Implementing a Recommender system using MapReduce

Summary	This assignment combines two prominent machine learning / big data technologies: MapReduce and recommendation. Nearly 20 years ago, as Google scaled, they created several new technologies. Foundational amongst those technologies are the resilient Google File System (GFS) and a computing paradigm known as MapReduce. Google published their work in a few highly influential papers. Researchers, inspired by these descriptions, created open source versions, which eventually became the big data platform now known as Hadoop. Yelp create a Python based library to write MapReduce programs known as mrjob. Based on user preferences, recommender systems produce an ordered set of recommendations. In this series of exercises, students gain hands on experience with how user-based, item-based, and content based recommender systems work. Modeling the core computation in a spreadsheet helps convey the essence of these algorithms. With this background students then express the recommender algorithm in the MapReduce paradigm using mrjob.
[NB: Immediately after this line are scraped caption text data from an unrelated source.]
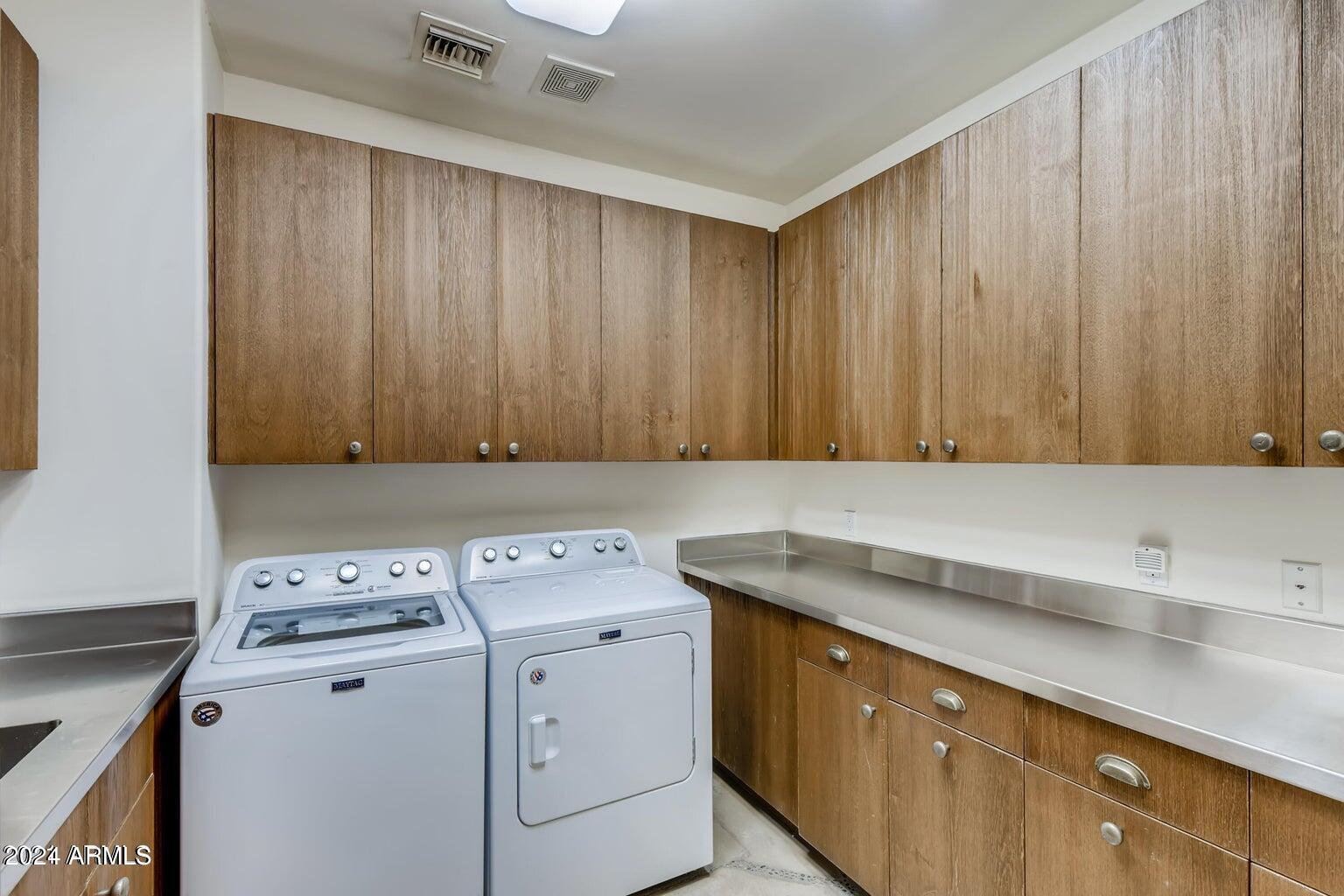 7475 East Gainey Ranch Road, Unit 26 Scottsdale, AZ 85258 - Photo 24 of 25 Laundry Room Downstairs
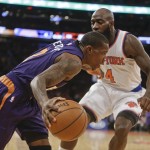 Phoenix Suns' Eric Bledsoe (2) drives past New York Knicks' Quincy Acy (4) during the first half of an NBA basketball game Saturday, Dec. 20, 2014, in New York. (AP Photo/Frank Franklin II)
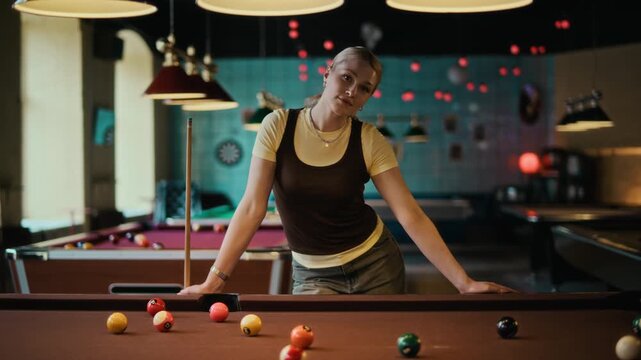 Dolly in portrait shot of smiling young adult woman facing camera while leaning on pool table during match at pool hall, slow motion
Experiments are done using the Movielens data set https://grouplens.org/datasets/movielens/ . The assignment also forms the context for discussing the Netflix prize.
Topics	MapReduce, Recommender Systems, Big Data machine learning
Audience	Advanced students of AI; could also be used in a CS2 class as an extended assignment
Difficulty	Medium
Strengths	Explores a prominent AI application (recommendation)
Weaknesses	Need to have sufficient time in the course schedule to discuss the MapReduce paradigm
Dependencies
Variants	Recommendation can be done without using MapReduce